Francesco Carofiglio
Francesco Carofiglio nel suo nuovo libro "Ritorno nella valle degli angeli" edito da Marsilio, ci racconta appunto di un ritorno. E' un ritorno ai luoghi dell'infanzia che hanno trattenuto, magicamente e terribilmente, una parte di Vincenzo, il protagonista del romanzo, lasciandone impressa nella fisicità dei luoghi l'impronta, ombra a cui il protagonista ha, seppure inconsciamente, necessità di ricongiungersi.
"E' la storia di una necessaria ricerca di consapevolezza" afferma Filippo Massacci nell'introduzione alla conversazione con l'autore, un graduale percorso che il protagonista si trova a compiere a ritroso dopo aver tenacemente perseguito l'intento di sradicarsi da tempi e luoghi del suo passato. E c'è un mistero da svelare,"le cose non stanno come sembrano" agli occhi stessi del protagonista.

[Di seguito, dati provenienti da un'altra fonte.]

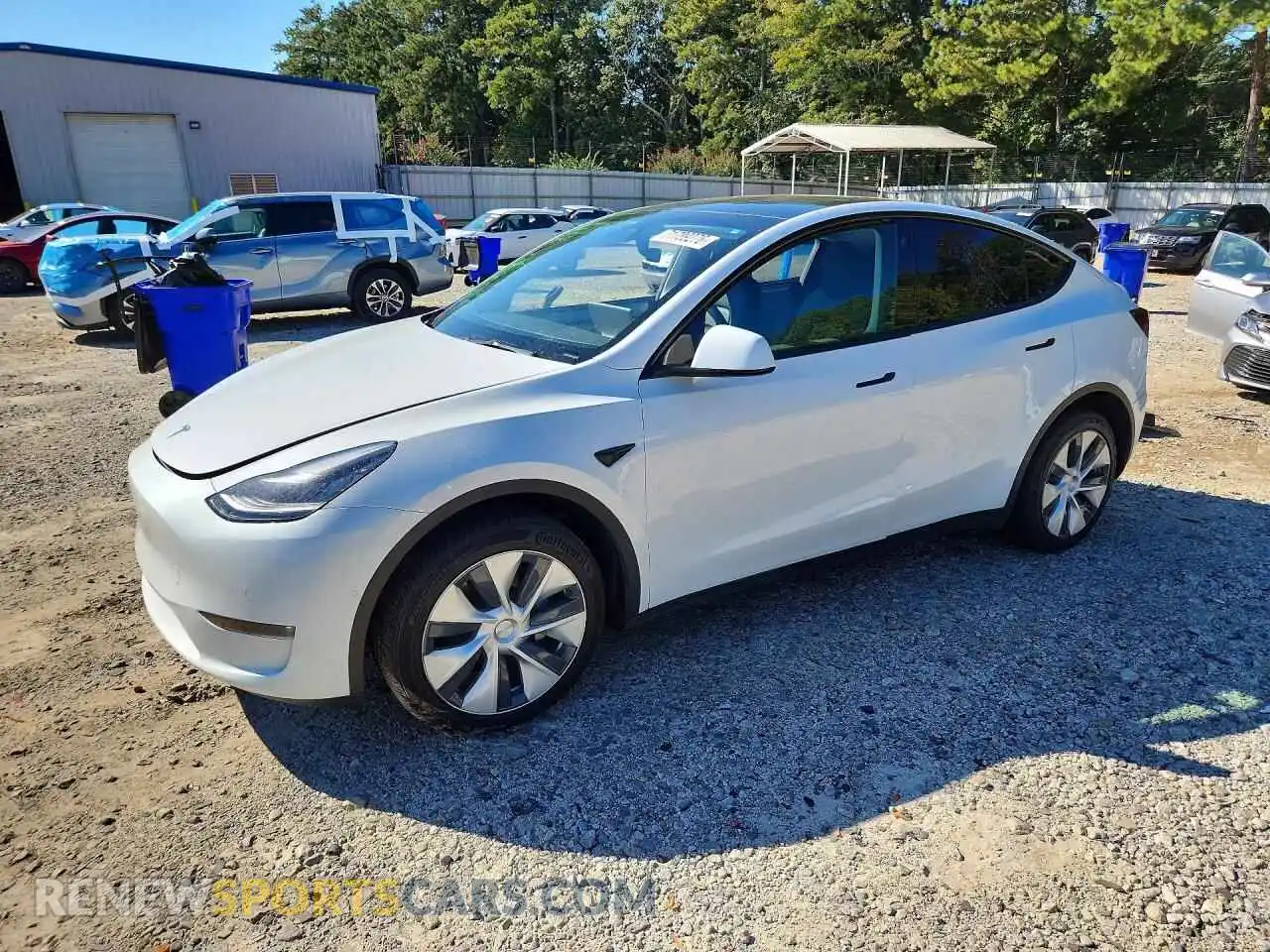1 fotografías del automóvil dañado 5YJYGDEE1MF278942 TESLA MODEL Y 2021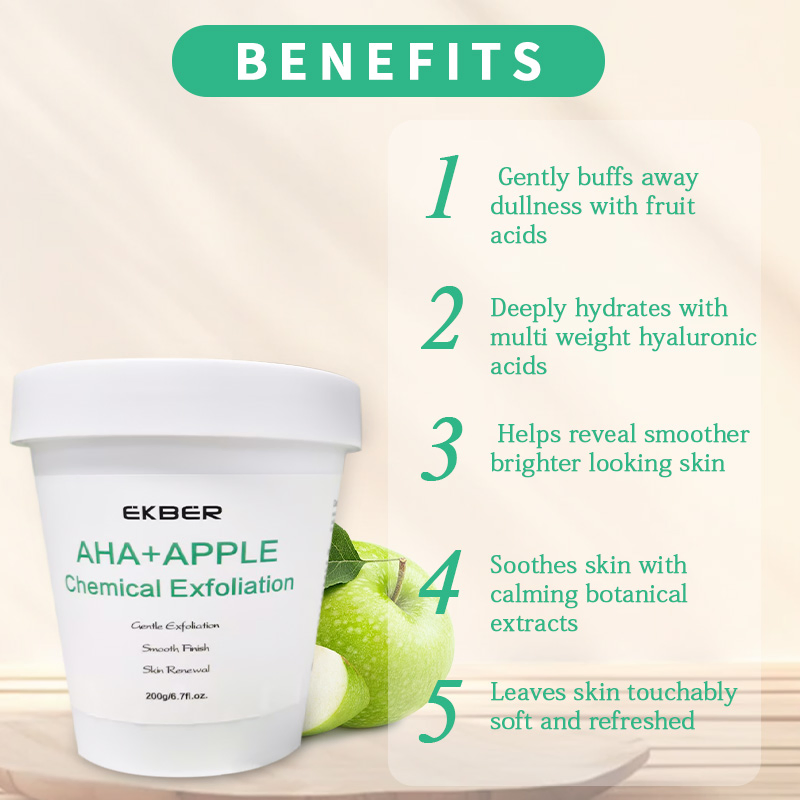 Rganic Apple Aha Chicken Skin Removal Exfoliating Deep Cleaning Natural Chemical Apple Aha Body Exfoliating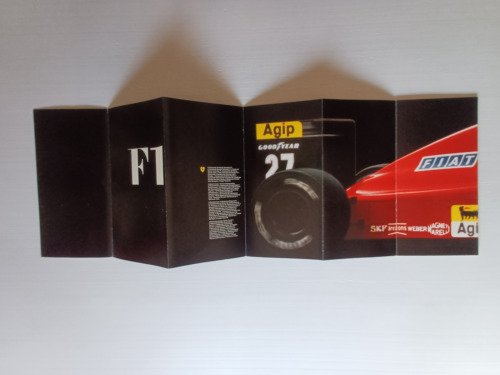 Ferrari produzione modelli 1990 depliant originale 616/90 italiano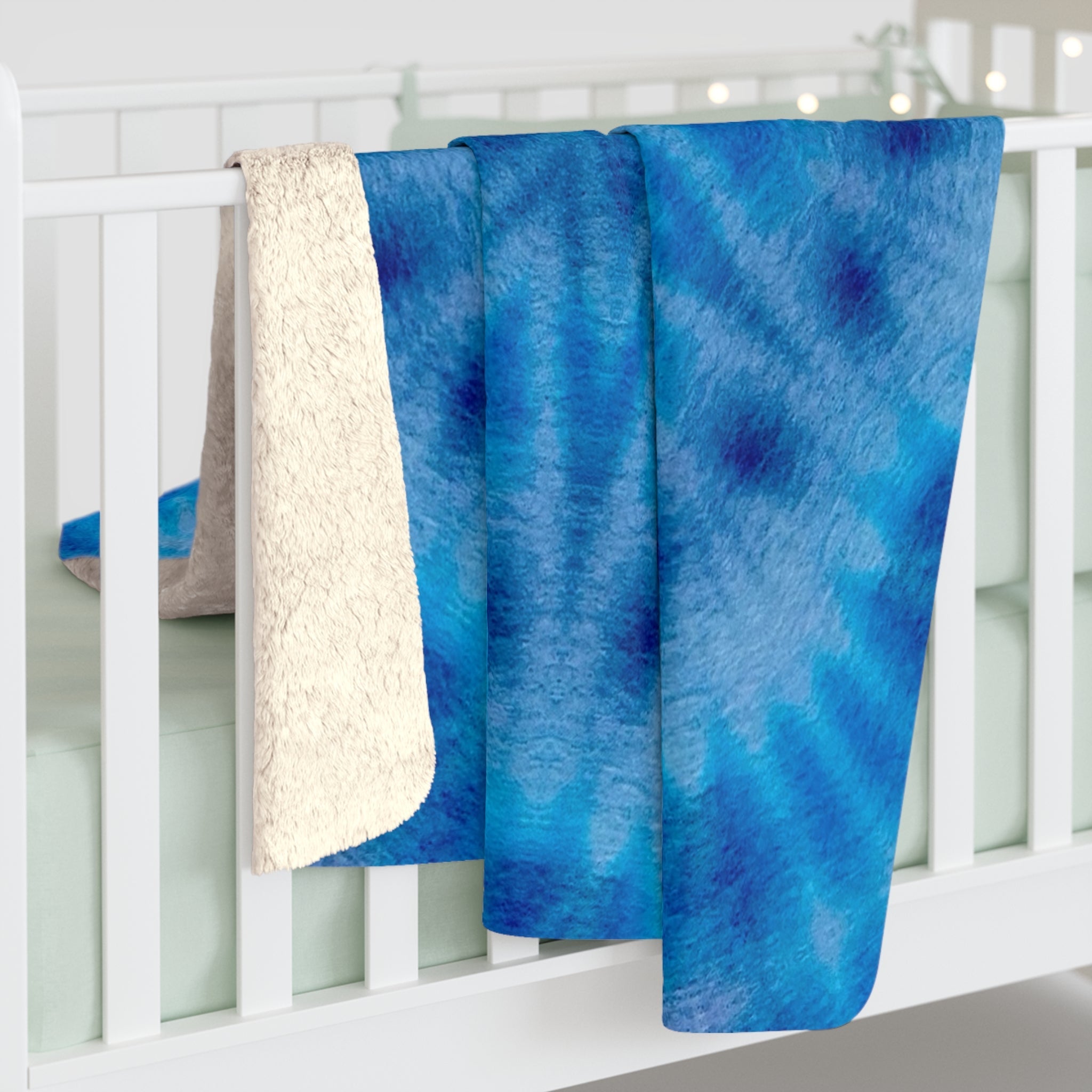 "AVIAN" Cymatic Sherpa Fleece Blanket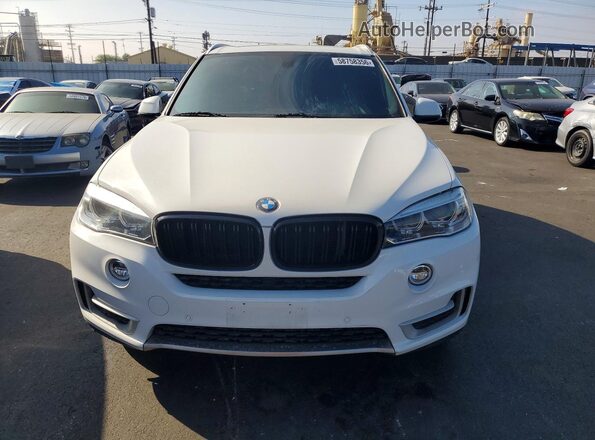 5UXKR2C57J0X08313 2018 BMW X5 White Vista trasera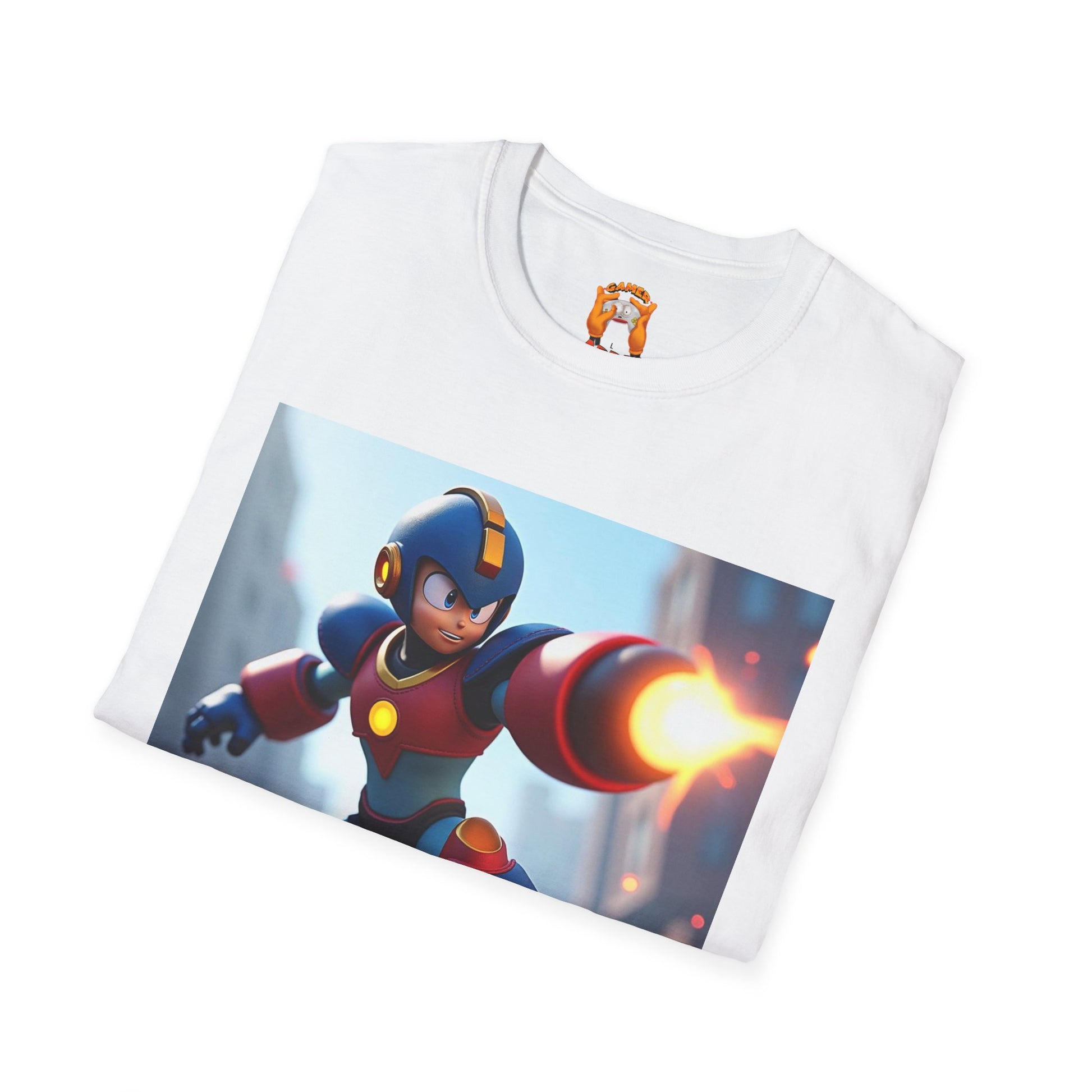 Mega Ultra T-Shirt, Fun Retro Shirt, Video Game Apparel, Gifts for Gamers, Geek Culture Clothing, Cartoon Character Tee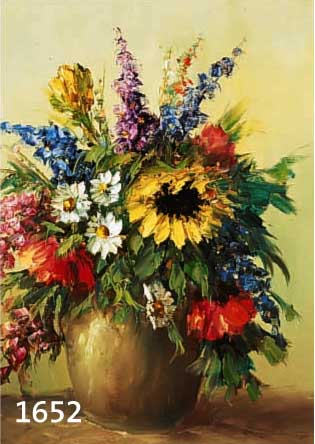KLEIN, L., IMPRESSIONIST, 2. HÄLFTE 20. JH., SOMMERBLUMENSTRAUß, ÖL/LWD., SIGN., MAßE 50X40 CM., R.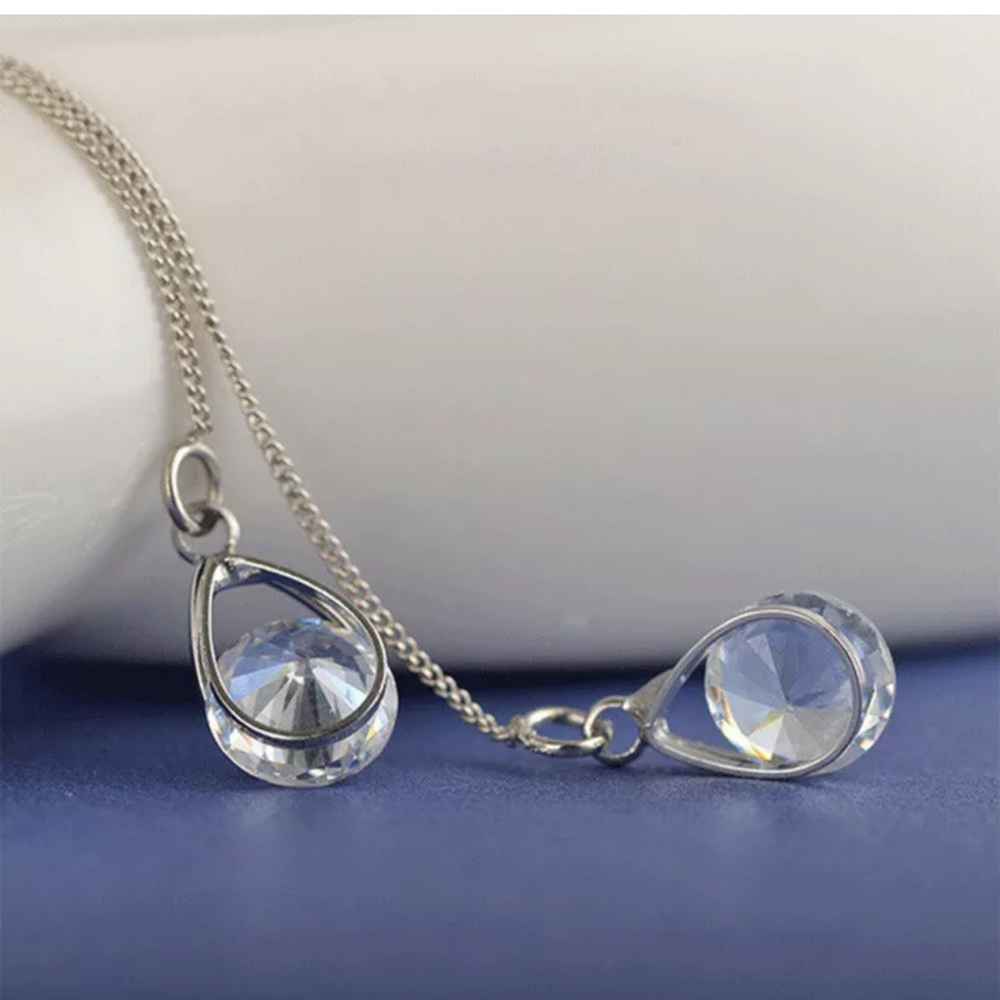 Fashion Long 925 Silver Drop Earrings for Women - Picture 2 of 4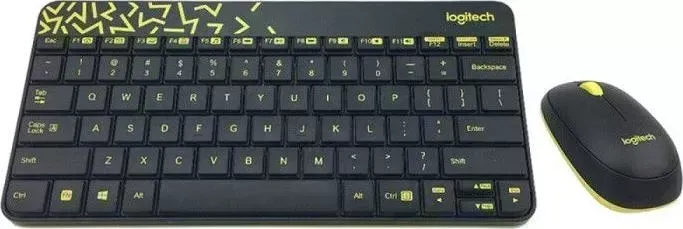 Комплект LOGITECH MK240 черный/жёлтый (920-008213)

La distanza tra l'universo e i riferimenti razionali di un presente ingannevolmente sereno e i luoghi ritrovati in un viaggio casuale, si misura nel protagonista in un primo spaesamento, nello stentare a riconoscere e a sovrapporre al ricordo una dimensione spaziale mutata sia in senso oggettivo che soggettivo.
Tutto questo provoca un corto circuito emotivo cui collaborano alcune contingenze provvidenziali nel congiurare perché il suo ritorno sia davvero un "ritorno": il cellulare inutilizzabile, la mancanza di energia elettrica per un temporale, un improvviso silenzio dei riferimenti abituali a cui le nostre esistenze spesso finiscono per fissarsi.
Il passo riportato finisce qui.